Therefore, this paper focused on automatic parameter adjustment. We set each agent to have a different parameter set instead of using a standard global parameter set for all agents. The parameters are then automatically adjusted using evolutionary computation methods. This approach enables us to distinguish between agents that need to act immediately and those that need to be more deliberate, which leads to more flexible planning in a dynamic environment.

3 Learning

In this section, we explain how evolutionary computation can be utilized as a parameter tuning method in Sect. 3.1 and then discuss four methods of evolutionary computation we used in Sects. 3.23.5.

3.1 Evolutionary computation

Evolutionary computation [18] mimics the evolution of living organisms and is an optimization method that searches for approximate solutions by retaining individuals that are better adapted to the environment.

The main advantages of the evolutionary computation are as follows—

  • Because it is a non-gradient algorithm, it can be applied even if the objective function is discrete. In other words, it is possible to find a solution without depending on the solution method of a specific problem.

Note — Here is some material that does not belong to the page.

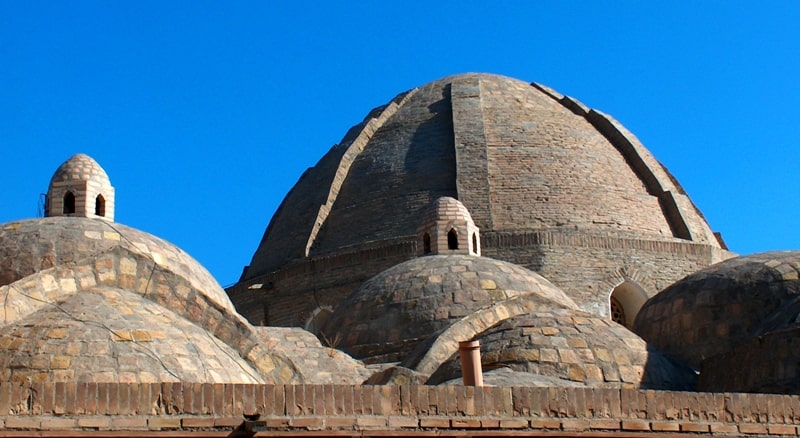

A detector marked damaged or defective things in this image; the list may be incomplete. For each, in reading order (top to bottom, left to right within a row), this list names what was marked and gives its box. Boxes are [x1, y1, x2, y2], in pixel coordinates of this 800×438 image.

rusty metal pipe [460, 340, 484, 384]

  • Even if it is not optimal, a solution can be obtained within a practical time range.

  • It can be applied without changing the form of the parameters to be optimized.

The reward function is non-gradient because the reward of an agent in AASN is derived from the changes in the environment and the agent’s state as a result of planning. Therefore, the gradient optimization method cannot be used to adjust parameters if both immediate and deliberative actions to be performed. In the case of reinforcement learning [19], the parameters need to be replaced by Q values and then updated, resulting in information loss. Therefore, to meet the requirements of our paper, we opted to use evolutionary computation to adjust the parameters.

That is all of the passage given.